The bad-faith actor will not be overtly hostile. Their actions will be subtle and deniable in isolation. Examples include:

  • Plausible Misinformation: Spreading rumors or false narratives that are hard to disprove immediately.
  • Strategic Incompetence: “Forgetting” to do things that subtly undermine the player or the team.
  • Gaslighting: Distorting past events to make the player question their own memory or judgment.
  • Credit Theft: Taking credit for the player’s work in a way that is difficult to challenge without looking petty.
  • Manager Betrayal: A previously supportive manager becomes inexplicably hostile. They might start micromanaging, publicly criticizing the player’s work, or setting impossible-to-meet expectations. This introduces a power imbalance and makes documentation even more critical.

3.4. The Environment Integrity Metric (Hidden)

To simulate the systemic impact of the player’s actions, a hidden metric called Environment Integrity will track the overall health of the team’s culture.

  • Function: This score represents the prevailing norms of the workplace. It starts at a neutral value.
  • Decreases: The score goes down each time the player tolerates a clear act of disrespect or manipulation (e.g., choosing a “do nothing” option). This represents the environmental conditioning of accepting lower standards.
  • Increases: The score goes up each time the player successfully enforces a boundary or models ethical behavior. This represents the player actively calibrating the environment to a higher standard.

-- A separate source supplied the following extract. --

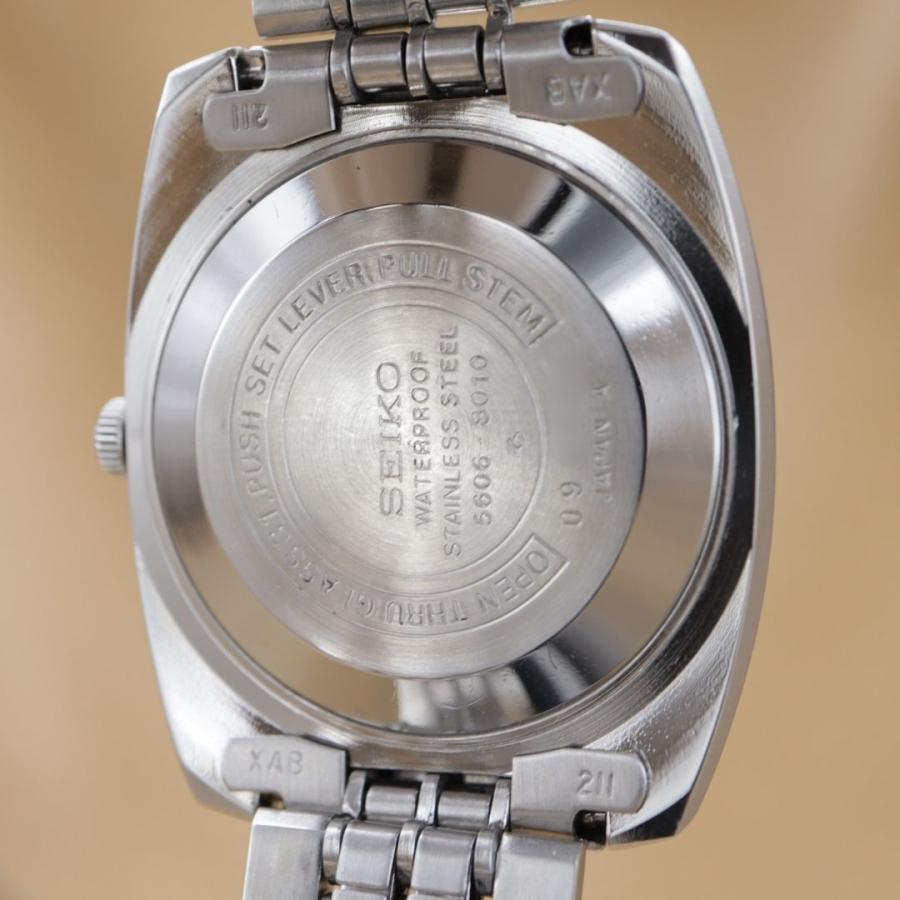 セイコー ロードマチック ブレス 5606-8010 SEIKO LORD MATIC メンズ 自動巻き 36mm 1970年 OH済 仕上済 【6ヶ月保証】 CH719 | SEIKO | 03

This metric directly implements the “Systemic Contagion” mechanic. A low Environment Integrity score will unlock new negative events (e.g., other colleagues mimicking the antagonist’s behavior, increased team-wide stress), while a high score will unlock positive ones (e.g., allies offering unsolicited support). The player will feel the environment shift based on their willingness to uphold a standard.

4. Narrative Structure

  • The First 90 Days: The simulation will take place over a 90-day period, mirroring the critical onboarding and integration phase in a new role.
  • Phases of the Game:
    1. Honeymoon (Days 1-15): Everything seems fine. The antagonist is friendly and helpful. Clues are extremely rare.
    2. The Cracks Appear (Days 16-45): The first subtle incidents occur. The player starts to feel that something is “off.”
    3. Escalation (Days 46-75): The antagonist’s actions become more frequent and slightly bolder as they test boundaries.
    4. The Endgame (Days 76-90): The situation comes to a head. The player must decide whether they have enough evidence to act, and how to do so.

5. Win/Loss Conditions

  • Standard Win Condition: The player successfully identifies the antagonist and presents a well-documented case to a neutral third party (e.g., HR or a senior manager), leading to a positive resolution for themselves.
  • Leadership Win Condition (Golden Ending): If the player achieves the Standard Win and finishes with a high Environment Integrity score, they receive a special epilogue. This outcome highlights how their actions not only protected themselves but also fundamentally improved the team’s culture, fulfilling a moral duty to create a more respectful and ethical environment for everyone.
  • Loss Conditions:
    • The player is fired or marginalized due to the antagonist’s actions.
    • The player accuses the wrong person, destroying their own credibility.
    • The player does nothing, and the antagonist causes significant damage to the team or project (low Environment Integrity endgame).

6. Technical Considerations

  • Platform: A web-based application (HTML, CSS, JavaScript) is the most accessible option.
  • State Management:
    • Initial Prototype: Use the browser’s localStorage to store the game state as a JSON object.
    • Future Version: A simple backend (e.g., Firebase or a small Node.js server) could allow for user accounts and cross-device play.
  • Content: The narrative events, dialogues, and clues will be stored in a structured format (like JSON or YAML) to be easily loaded by the game engine.

This design provides a solid foundation for building a compelling and educational simulation. The next step is to start prototyping the core daily loop and the state persistence mechanism.